Work required: Only those lines in the data below from the line containing "楽天市場】被布飾り 被布ふさ飾り 被布コート用飾り房 ブローチピン" through the line containing "Manga-lc-com อ่านมังงะ อ่านการ์ตูน", both included, should be restated word for word.

Records contained in a dataset:

*** Block opens ***

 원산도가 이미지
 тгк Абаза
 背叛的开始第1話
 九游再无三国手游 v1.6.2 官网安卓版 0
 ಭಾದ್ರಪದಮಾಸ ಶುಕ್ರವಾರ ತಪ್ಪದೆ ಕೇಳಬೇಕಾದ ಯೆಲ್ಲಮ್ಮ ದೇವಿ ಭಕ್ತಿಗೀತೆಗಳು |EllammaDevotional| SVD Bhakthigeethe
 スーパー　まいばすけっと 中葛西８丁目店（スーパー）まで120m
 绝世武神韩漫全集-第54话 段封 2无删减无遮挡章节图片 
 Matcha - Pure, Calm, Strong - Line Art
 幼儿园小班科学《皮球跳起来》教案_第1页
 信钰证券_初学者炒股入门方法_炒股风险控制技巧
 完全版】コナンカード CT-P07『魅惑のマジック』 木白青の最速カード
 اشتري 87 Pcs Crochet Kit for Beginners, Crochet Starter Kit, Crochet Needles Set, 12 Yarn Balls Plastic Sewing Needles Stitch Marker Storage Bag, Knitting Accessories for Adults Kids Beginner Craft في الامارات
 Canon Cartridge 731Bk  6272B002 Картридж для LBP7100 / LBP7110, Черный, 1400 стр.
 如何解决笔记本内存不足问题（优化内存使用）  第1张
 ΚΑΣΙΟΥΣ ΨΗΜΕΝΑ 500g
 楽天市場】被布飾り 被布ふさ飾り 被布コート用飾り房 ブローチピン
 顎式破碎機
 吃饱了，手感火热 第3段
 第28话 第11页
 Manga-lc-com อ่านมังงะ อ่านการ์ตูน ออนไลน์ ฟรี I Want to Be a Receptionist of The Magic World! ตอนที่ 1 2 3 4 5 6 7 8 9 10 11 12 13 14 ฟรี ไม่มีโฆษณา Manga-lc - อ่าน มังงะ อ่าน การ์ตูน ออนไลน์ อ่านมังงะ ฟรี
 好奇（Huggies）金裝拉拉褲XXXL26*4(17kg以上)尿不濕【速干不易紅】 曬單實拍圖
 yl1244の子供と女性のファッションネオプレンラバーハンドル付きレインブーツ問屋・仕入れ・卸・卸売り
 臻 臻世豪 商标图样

*** Block closes ***

Written solution:
 楽天市場】被布飾り 被布ふさ飾り 被布コート用飾り房 ブローチピン
 顎式破碎機
 吃饱了，手感火热 第3段
 第28话 第11页
 Manga-lc-com อ่านมังงะ อ่านการ์ตูน ออนไลน์ ฟรี I Want to Be a Receptionist of The Magic World! ตอนที่ 1 2 3 4 5 6 7 8 9 10 11 12 13 14 ฟรี ไม่มีโฆษณา Manga-lc - อ่าน มังงะ อ่าน การ์ตูน ออนไลน์ อ่านมังงะ ฟรี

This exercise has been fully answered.